The Ecological Submarine





Introduction: The Ecological Submarine

The objective for the design is to aid researchers and young scientists to monitor the quality of water using inexpensive instrumentation. Our design is equipped with four sensors to record the levels of nitrate and dissolved oxygen in water as well as the temperature and pH. Some of the sites where the instrument can be deployed are at estuaries which are home to many species of terrestrial and aquatic organisms and rivers. More than two thirds of the fish and shellfish we eat spend some part of their lives in estuaries. Additionally, these ecosystems provide many other important ecological functions because they act as filters for terrestrial pollutants and provide protection from flooding. The balance of this fragile ecosystem needs to be protected because they are easily destroyed by human activities such as sedimentation from construction sites, nitrate from fertilizer use, erosion of natural deposits and many other pollutants.
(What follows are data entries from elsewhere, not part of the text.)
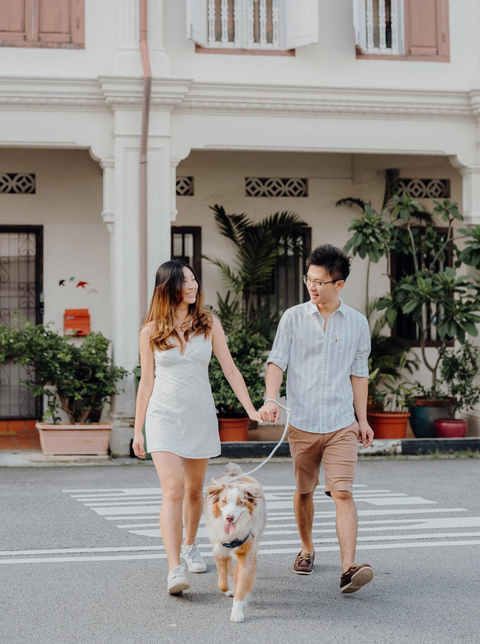 CLOUD Dog Slip Leash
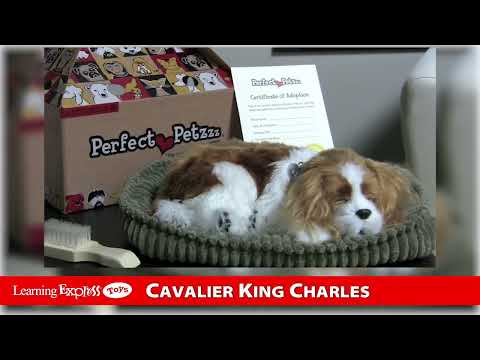 Pp Mini Cavalier King Cha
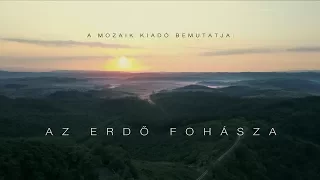 Az erdő fohásza | 4K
We hope that in future generations our instrument can be used as a stepping stone in order to detect and prevent any alterations in the quality of water that may disrupts life cycles of marine organisms which may result in disastrous effect for the marine food web.

Step 1: Purchasing the Required Material

The first step to get started on building the ECO-SUB (The name of our device) is to purchase the following materials that are listed in the table in the following step. It comes with the details and parts numbers of each components required for the assemblage of the ECO-SUB and this information can be found in the next step.

Step 2: List of Items

The following Table below lists items used in the making of Eco-Sub along with their matching item numbers as used by Vernier (company of where we purchased our probes) and McMaster-Carr (Keep in mind that these prices may change):

Step 3: Components

The image below illustrates where the components were used in order to integrate the ECO-SUB. Figures 1 to 10 corresponds to items 1 to 10 from the previous Table.

Step 4: Holes and Liquid Tight Conduit Fittings

Take the clear acrylic discs and drill four 1/2" diameter holes in the disc, this allows the," Liquid Tight Conduit Fittings, (LTCF)" to be inserted through.

Note: take a measurement of the diameter of the part of the LTCF that will be inserted in the disc, before drilling.

Once the LTCF have been inserted in each of the holes in the acrylic disc, take each probe and inserted it in the opening of the LTCF.

To ensure non leakage you should put some teflon tape around the probes to increase the diameter so when you fit the probes through the LTCF it will be snuff to avoid water from seeping in.

Note that the reason why we chose to used clear acrylic discs is to be able to add in the future a video camera (but this is optional).

Step 5: Placing the Pipe Coupling

Take the clear PVC pipe and slip one of the 4" diameter pipe coupling (McMaster-Carr) on one end of the pipe. The open end of the clear PVC pipe will allow, the entrance of the data collecting device which will be connected to the probes that was inserted through the LTCF. After one coupling is situated firmly around the clear PVC pipe,
take a hose clamp and slip the clamp around on the coupling that is already situated around the clear PVC pipe. There should be a grove imprinted on the coupling that will allow the proper fitting of the clamp. Make sure that the clamp is nested around this grove and is aligned to the perimeter of the acrylic disc located inside the pipe coupling.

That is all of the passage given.